The outcome of elderly patients with acute myeloid leukemia (AML) has not been improved for these three decades, although the incidence is getting increased with the aging of the population in Japan. In the JALSG GML200 study, we prospectively registered all elderly patients with AML during this study irrespective of the eligible criteria,. Since elderly patients are less able to tolerate to intensive cyottoxic intensive chemotherapy, we conducted a randomized study to assess an individualized induction treatment. After consolidation chemotherapy, we evaluated the adjuvant effect of ubenimex (UBX), an anti-leukemia immunomodulator.

Method: From April 2000 to August 2005, the JALSG GML200 study registered all newly diagnosed AML patients aged 65 years and over. Patients who satisfied the eligibility criteria were randomized to receive either the individualized therapy (arm B) or non-individualized therapy (arm A). Patients who were not eligible were classified in arm C.

Induction therapy of Arm A: enocitabine (BH-AC) 200 mg/m2 on days 1–8, 3 h infusion + daunorubicin (DNR) 40 mg/m2 on days 1–3, 30 min infusion. Arm B: BH-AC 200 mg/m2 on days 1–8, with extension to day 12 according to the results of bone marrow examination on days 7 and 10, + DNR 40 mg/m2 on days 1–3, with extension on day 12 depending on the results of bone marrow examination on days 7 and 10. Patients who achieved a complete response (CR) were randomized again to receive immuno-therapy with ubenimex (group UY) or without ubenimex (group UN). Consolidation therapy consisted of three courses:

  1. BH-AC 200 mg/m2 on days 1–5 + Mitoxantrone (MIT) 7 mg/m2 on days 1–3,

  2. BH-AC 200 mg/m2 on days 1–5 + DNR 30 mg/m2 on days 1–2, ETP 100 mg/m2 on days 1–3,

  3. BH-AC 200 mg/m2 on days 1–5 + ACR 14 mg/m2 on days 1–5.
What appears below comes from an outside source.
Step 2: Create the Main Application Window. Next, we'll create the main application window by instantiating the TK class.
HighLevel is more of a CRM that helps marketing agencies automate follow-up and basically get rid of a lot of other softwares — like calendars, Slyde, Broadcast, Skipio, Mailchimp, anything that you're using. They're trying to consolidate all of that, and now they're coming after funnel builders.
Result: Of the 374 patients registered, 244 patients were eligible for randomization to arms A and B, and 235 patients were evaluable. The median patients’ age of arms A, B and C were 70 (range, 65–79), 71 (range, 65–79), and 74 years (range, 65–92), respectively. CR rate of arm A was 63.2% and that of arm B was 65.3% (p = 0.75). CR rates of male and female patients significantly differed in each arm (arm A: male 55.4% vs. female 76.3%, p=0.053, arm B: male 53.1% vs. female 80.0%, p=0.008). Overall survival rates at 3 years of arms A and B were 25.5% and 21.5% (p = 0.56), respectively. With reference to survival with or without ubenimex in patients who achieved CR, the overall survival rate at 3 years was 43.1% for arm UY and 26.9% for arm UN (p=0.073). The number of patients in arm C was 130, and most patients in this arm received similar induction chemotherapy using DNR and BH-AC. The survival rate of this group at 3 years was unexpectedly high at 29.4%.

Conclusion: Induction chemotherapy using DNR and BH-AC is one of the superior methods to achieve CR in elderly AML patients. However, individualized treatment has little advantage over non-individualized therapy. The remission rate of the female patients is higher than male patients, and it may have relations with a long life span of the Japanese female. Long-term survival rate is still unfavorable and search for a better post-remission therapy is warranted. Immunomodulator therapy using ubenimex provides a possible benefit for longer survival in elderly AML patients at CR.

Disclosures: Kiyoi:Kyowa Hakko Kogyo Co. Ltd.: Consultancy.